─── RECORDS SUPPLIED

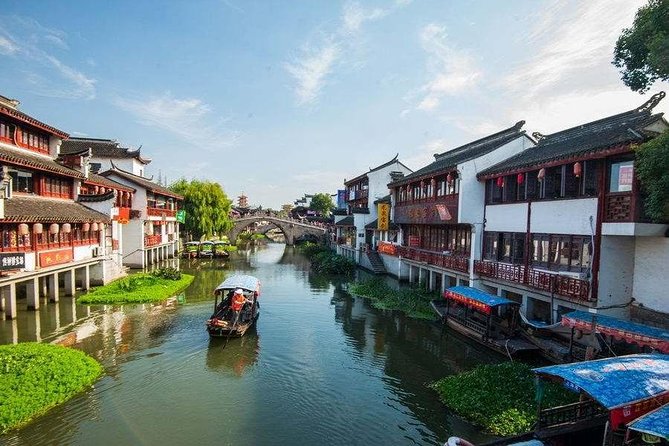 Private Qibao Ancient Town Walking Tour with Tea Tasting and Calligraphy Experience - Walking Qibao’s Old Alleys and Riverside Architecture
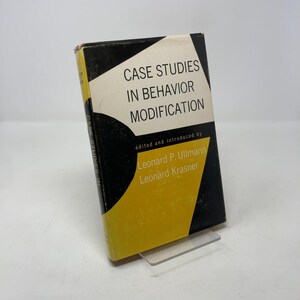 以下が含まれることがあります： 「Case Studies in Behavior Modification」というタイトルのヴィンテージ本。黒、白、黄色の表紙。透明なプラスチック製のスタンドに立てかけられています。テキストには、Leonard P. UllmannとLeonard Krasnerの名前が含まれています。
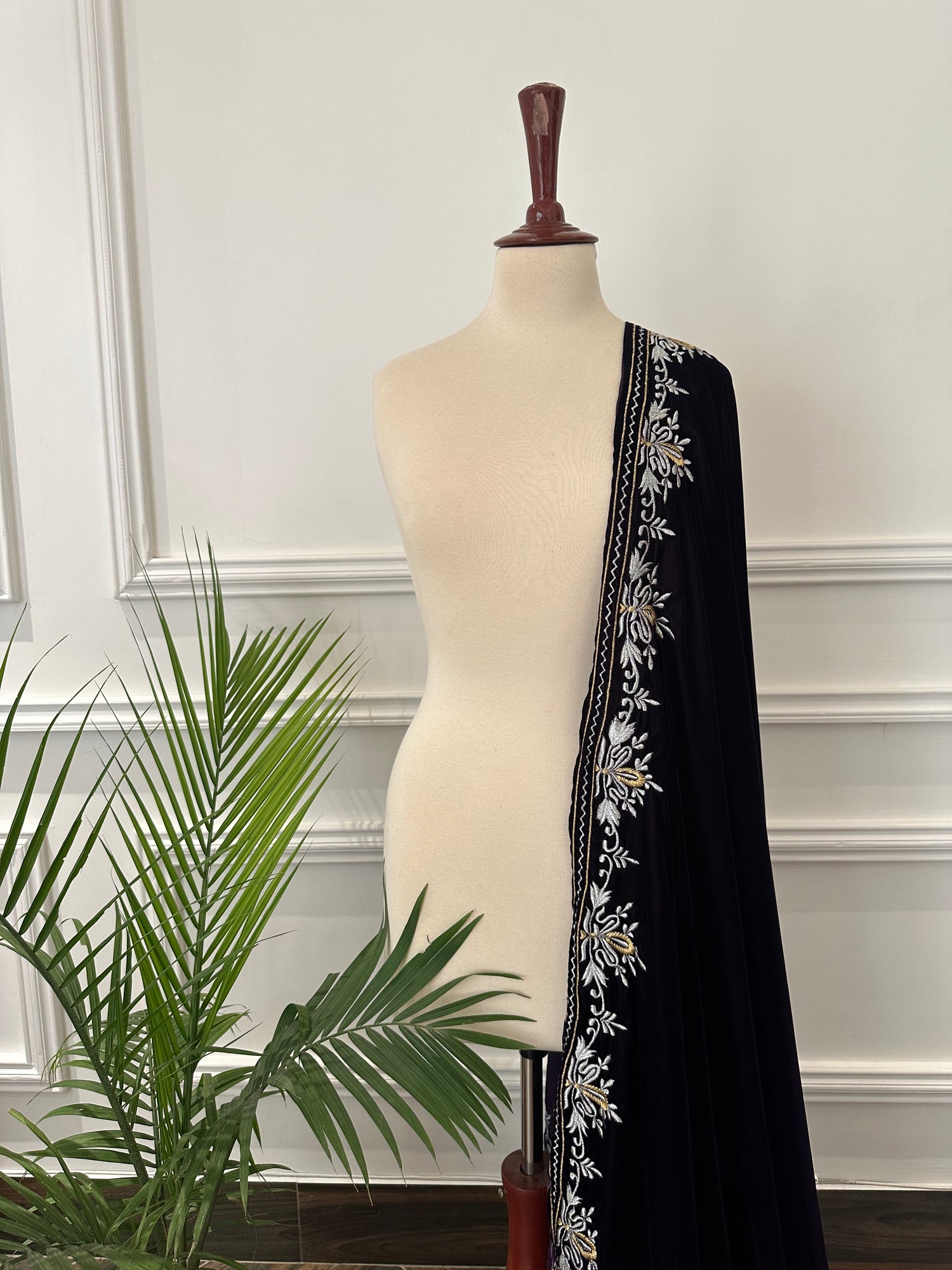Elevate your style with Royal Luxe unisex velvet shawl with fine golden thread embroidery on four sides, featuring Jamawar palta lining on the back of borders, ideal for weddings and festive occasions.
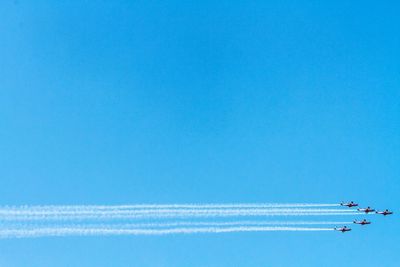 Low angle view of airplanes flying against clear blue sky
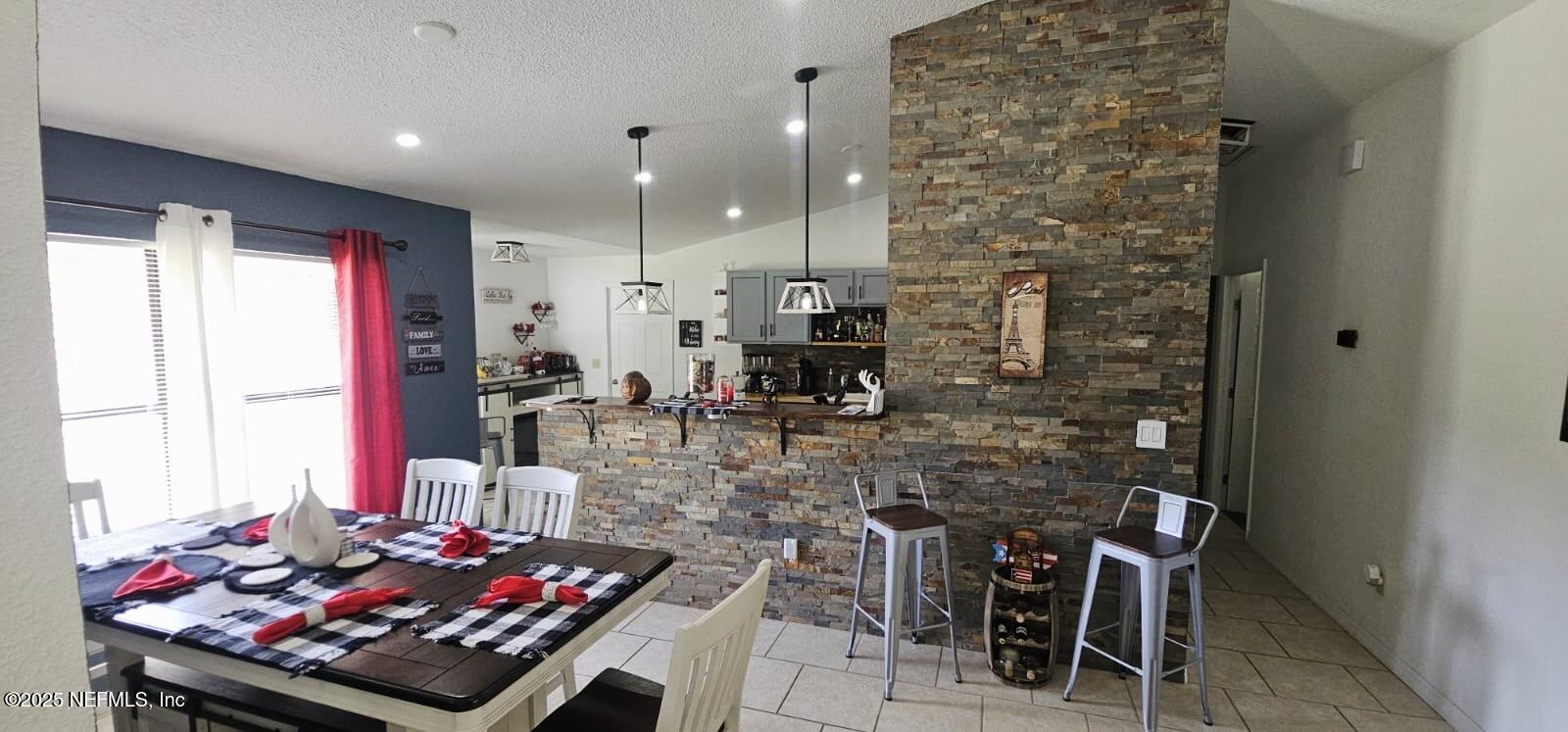 12961 5 Churches Road Sanderson, FL 32087 - Photo 11 of 34 a room with stainless steel appliances kitchen island granite countertop a stove and a chair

──────

## PROBLEM DETAILS
Would you repeat each line of the listing exactly, skipping any picture?

## RESULT BELOW
 Private Qibao Ancient Town Walking Tour with Tea Tasting and Calligraphy Experience - Walking Qibao’s Old Alleys and Riverside Architecture
 以下が含まれることがあります： 「Case Studies in Behavior Modification」というタイトルのヴィンテージ本。黒、白、黄色の表紙。透明なプラスチック製のスタンドに立てかけられています。テキストには、Leonard P. UllmannとLeonard Krasnerの名前が含まれています。
Elevate your style with Royal Luxe unisex velvet shawl with fine golden thread embroidery on four sides, featuring Jamawar palta lining on the back of borders, ideal for weddings and festive occasions.
 Low angle view of airplanes flying against clear blue sky
 12961 5 Churches Road Sanderson, FL 32087 - Photo 11 of 34 a room with stainless steel appliances kitchen island granite countertop a stove and a chair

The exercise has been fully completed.